何となく咲良が傍にいるような感覚だったり、触れられているような瞬間があった。
「背中をさすってくれていたか?」
「はい…」
「社務所で祝詞を書いた時も傍にいたのか?」
「…はい…」
「肩や肘に触れていなかったか?」
「どうしてお分かりに…?」
「なんとなく、な。

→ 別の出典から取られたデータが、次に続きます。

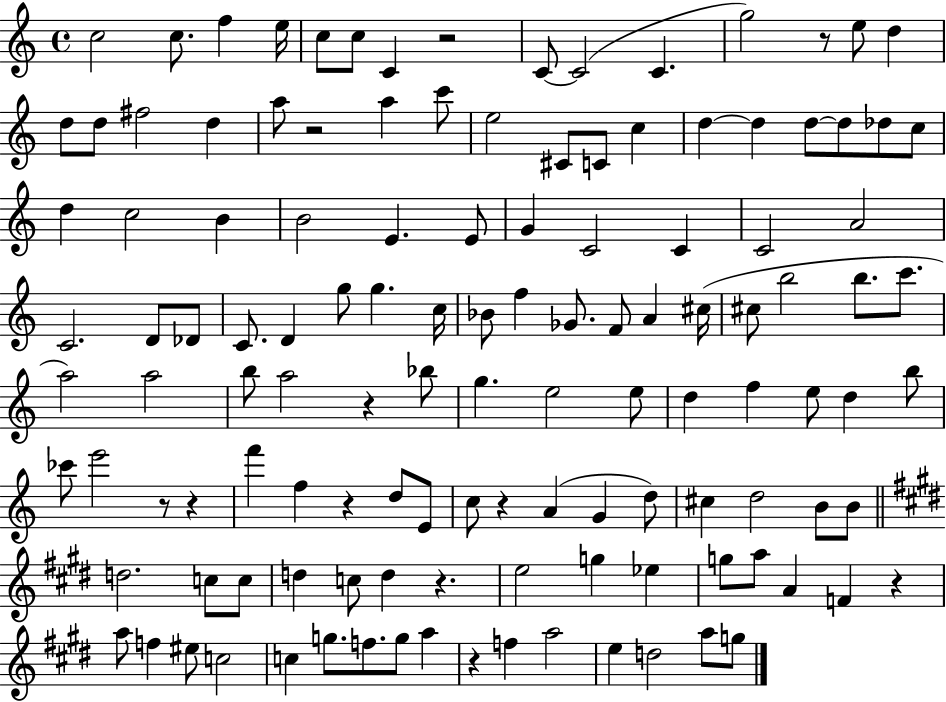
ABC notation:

X:1
T:Untitled
M:4/4
L:1/4
K:C
c2 c/2 f e/4 c/2 c/2 C z2 C/2 C2 C g2 z/2 e/2 d d/2 d/2 ^f2 d a/2 z2 a c'/2 e2 ^C/2 C/2 c d d d/2 d/2 _d/2 c/2 d c2 B B2 E E/2 G C2 C C2 A2 C2 D/2 _D/2 C/2 D g/2 g c/4 _B/2 f _G/2 F/2 A ^c/4 ^c/2 b2 b/2 c'/2 a2 a2 b/2 a2 z _b/2 g e2 e/2 d f e/2 d b/2 _c'/2 e'2 z/2 z f' f z d/2 E/2 c/2 z A G d/2 ^c d2 B/2 B/2 d2 c/2 c/2 d c/2 d z e2 g _e g/2 a/2 A F z a/2 f ^e/2 c2 c g/2 f/2 g/2 a z f a2 e d2 a/2 g/2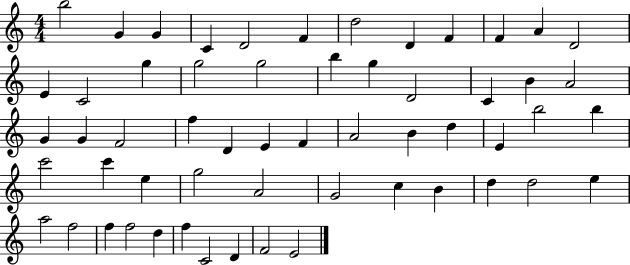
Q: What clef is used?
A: treble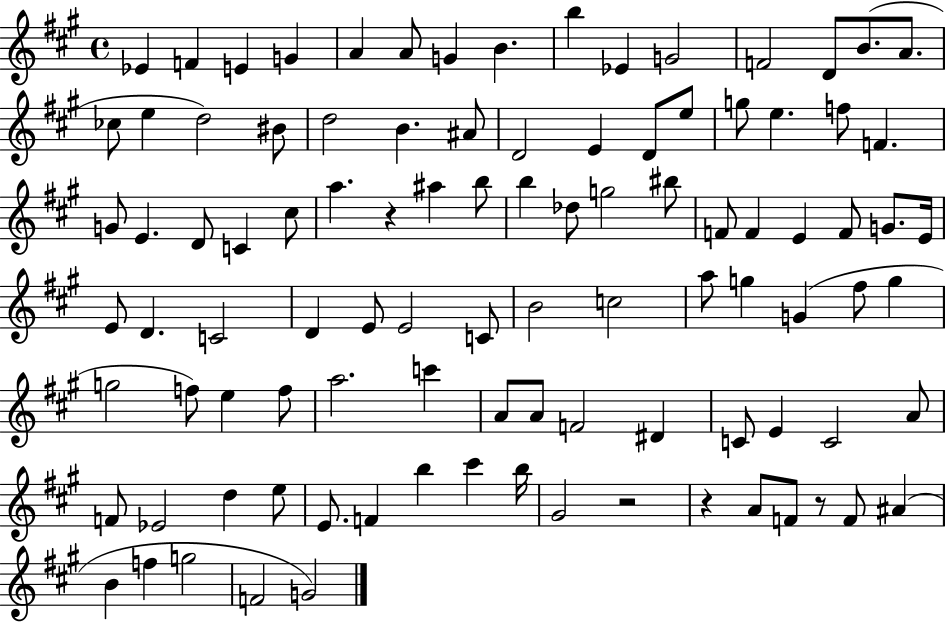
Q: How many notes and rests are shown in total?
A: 99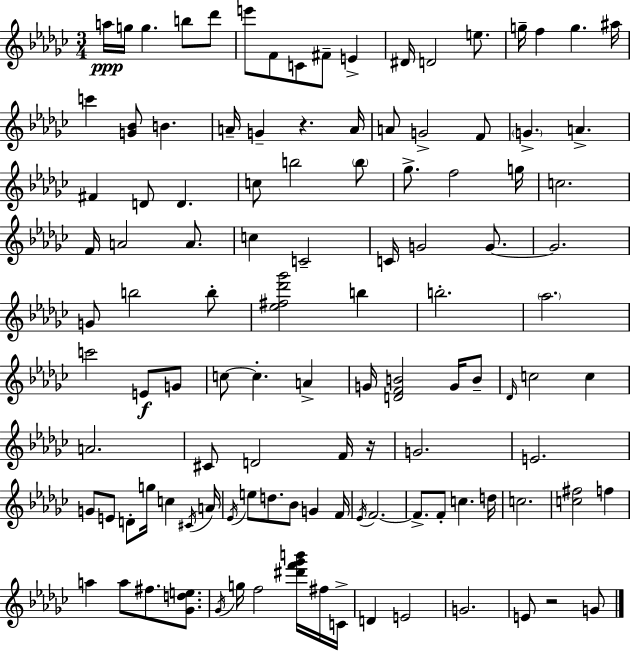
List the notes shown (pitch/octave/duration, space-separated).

A5/s G5/s G5/q. B5/e Db6/e E6/e F4/e C4/e F#4/e E4/q D#4/s D4/h E5/e. G5/s F5/q G5/q. A#5/s C6/q [G4,Bb4]/e B4/q. A4/s G4/q R/q. A4/s A4/e G4/h F4/e G4/q. A4/q. F#4/q D4/e D4/q. C5/e B5/h B5/e Gb5/e. F5/h G5/s C5/h. F4/s A4/h A4/e. C5/q C4/h C4/s G4/h G4/e. G4/h. G4/e B5/h B5/e [Eb5,F#5,Db6,Gb6]/h B5/q B5/h. Ab5/h. C6/h E4/e G4/e C5/e C5/q. A4/q G4/s [D4,F4,B4]/h G4/s B4/e Db4/s C5/h C5/q A4/h. C#4/e D4/h F4/s R/s G4/h. E4/h. G4/e E4/e D4/e G5/s C5/q C#4/s A4/s Eb4/s E5/e D5/e. Bb4/e G4/q F4/s Eb4/s F4/h. F4/e. F4/e C5/q. D5/s C5/h. [C5,F#5]/h F5/q A5/q A5/e F#5/e. [Gb4,D5,E5]/e. Gb4/s G5/s F5/h [D#6,F6,Gb6,B6]/s F#5/s C4/s D4/q E4/h G4/h. E4/e R/h G4/e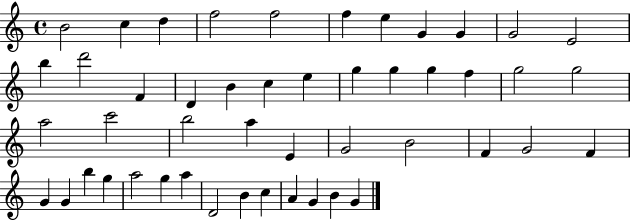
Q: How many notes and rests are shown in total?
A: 48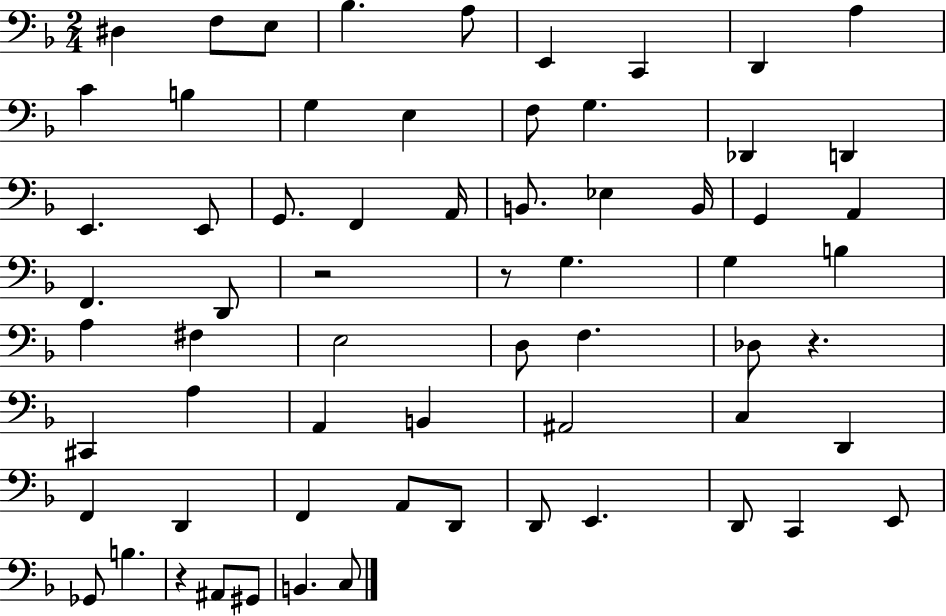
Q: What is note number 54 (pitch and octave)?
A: C2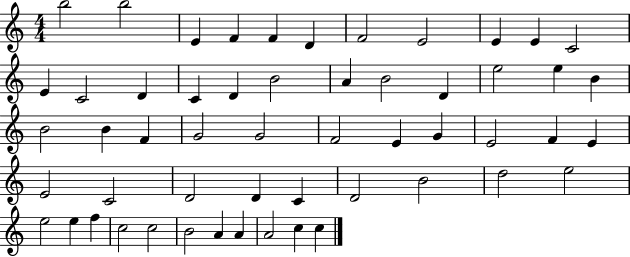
{
  \clef treble
  \numericTimeSignature
  \time 4/4
  \key c \major
  b''2 b''2 | e'4 f'4 f'4 d'4 | f'2 e'2 | e'4 e'4 c'2 | \break e'4 c'2 d'4 | c'4 d'4 b'2 | a'4 b'2 d'4 | e''2 e''4 b'4 | \break b'2 b'4 f'4 | g'2 g'2 | f'2 e'4 g'4 | e'2 f'4 e'4 | \break e'2 c'2 | d'2 d'4 c'4 | d'2 b'2 | d''2 e''2 | \break e''2 e''4 f''4 | c''2 c''2 | b'2 a'4 a'4 | a'2 c''4 c''4 | \break \bar "|."
}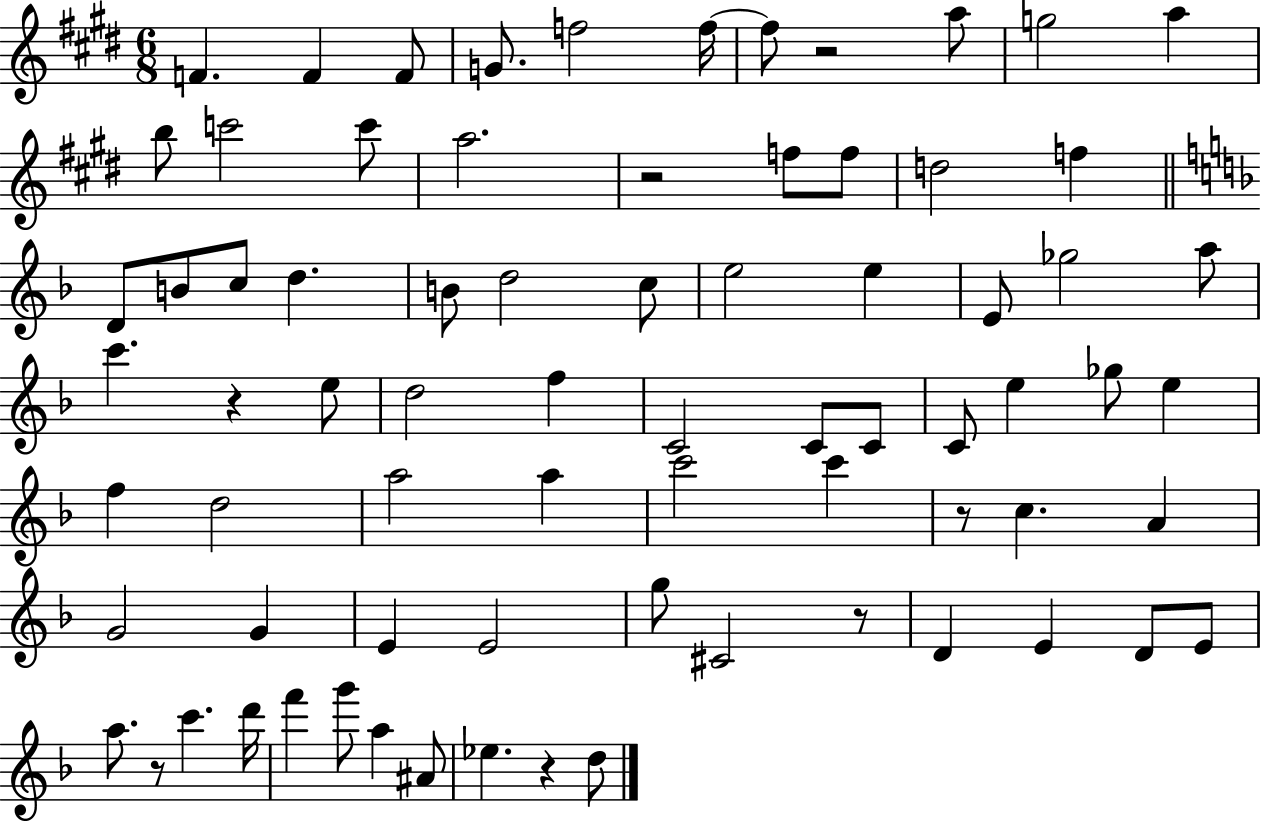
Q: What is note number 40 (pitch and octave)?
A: Gb5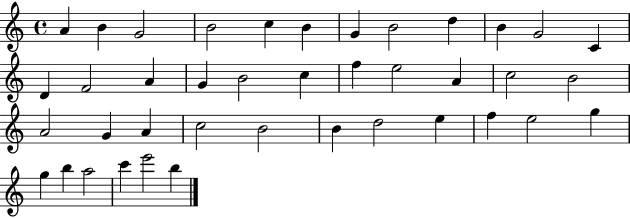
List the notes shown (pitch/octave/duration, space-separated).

A4/q B4/q G4/h B4/h C5/q B4/q G4/q B4/h D5/q B4/q G4/h C4/q D4/q F4/h A4/q G4/q B4/h C5/q F5/q E5/h A4/q C5/h B4/h A4/h G4/q A4/q C5/h B4/h B4/q D5/h E5/q F5/q E5/h G5/q G5/q B5/q A5/h C6/q E6/h B5/q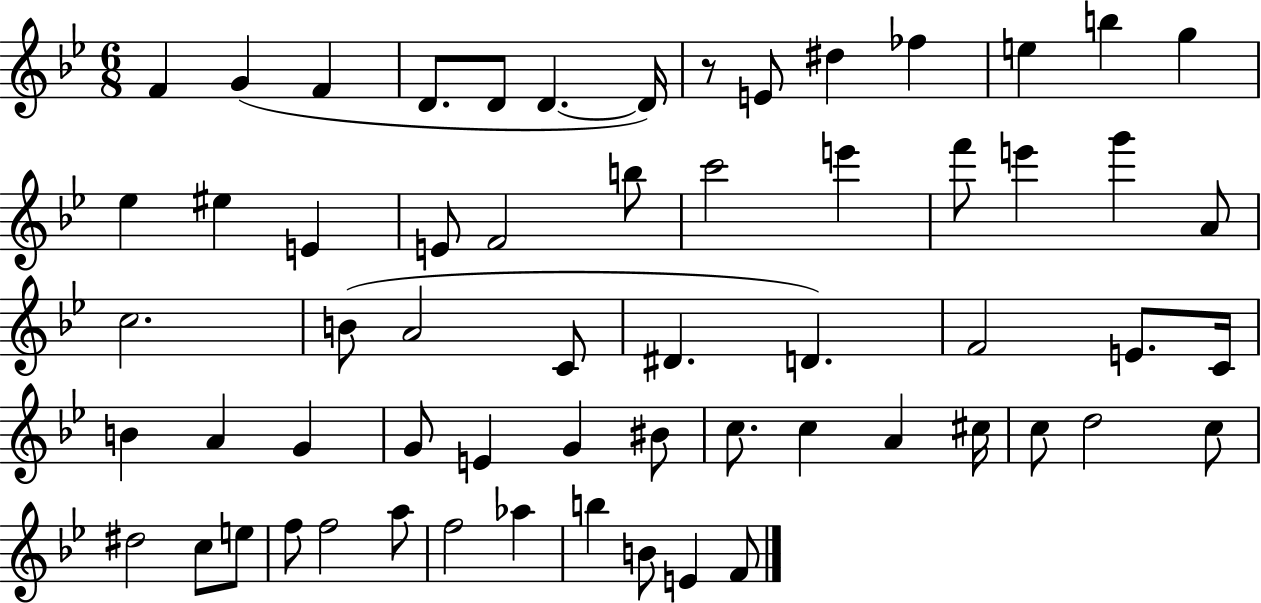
{
  \clef treble
  \numericTimeSignature
  \time 6/8
  \key bes \major
  f'4 g'4( f'4 | d'8. d'8 d'4.~~ d'16) | r8 e'8 dis''4 fes''4 | e''4 b''4 g''4 | \break ees''4 eis''4 e'4 | e'8 f'2 b''8 | c'''2 e'''4 | f'''8 e'''4 g'''4 a'8 | \break c''2. | b'8( a'2 c'8 | dis'4. d'4.) | f'2 e'8. c'16 | \break b'4 a'4 g'4 | g'8 e'4 g'4 bis'8 | c''8. c''4 a'4 cis''16 | c''8 d''2 c''8 | \break dis''2 c''8 e''8 | f''8 f''2 a''8 | f''2 aes''4 | b''4 b'8 e'4 f'8 | \break \bar "|."
}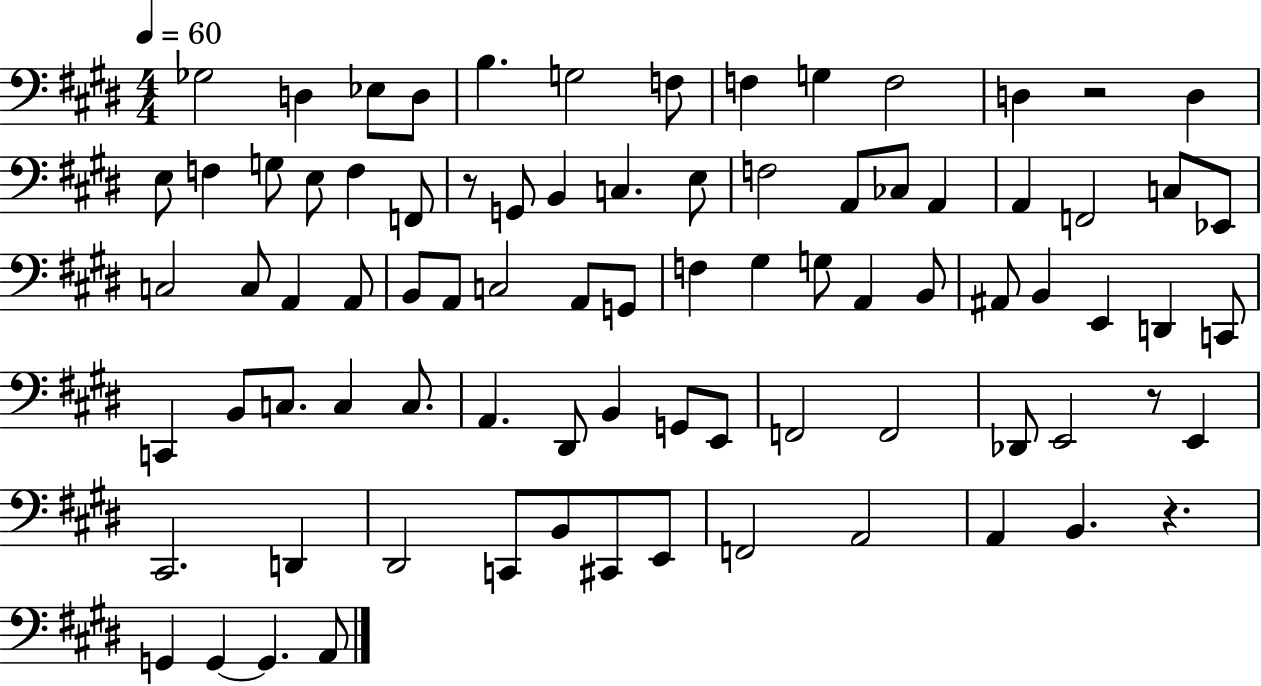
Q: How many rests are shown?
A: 4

咲良に触れられているような気がした」
「………っ、…っ」
驚きと嬉しさが入り交じった表情を浮かべ、咲良は守弥に抱きつく。
「嬉しゅうございます…っ。
気づいていただけていたのだと…。
守弥さま…っ、わたくし…っ、わたくし…っ、嬉しゅうございます…っ」
「もう、無茶はするなよ」
「はい…っ」
軽く音を立てて唇を啄むと、咲良も啄み返してくれた。
はふ、と漏れる息も、鼻に抜ける声も守弥を煽ってやまない。
湯殿で上気しているのを差し引いても、その瞳は潤み色香が駄々漏れて肌の香りも甘さが増し、このまま体を繋いでしまおうかと思うくらいに守弥を誘った。
咲良本人はほぼ無自覚。
「………っ」
それを堪える代わりに、咲良の耳殻を噛んだのだ。
昨夜、情交の真似事で済んだのは半ば奇跡のようなもの。
婚儀までの半年、堪え切れる自信などない。
『怖がらせたり無理やりはしたくないからな…。
少しずつ、少しずつだ。
堪えろ、俺…』
ほわほわと鼻腔を擽る甘い香りを吸い、二度寝をきめようとしたその時。
どごぉっ!
『………?』
何かが吹っ飛ぶ音がした。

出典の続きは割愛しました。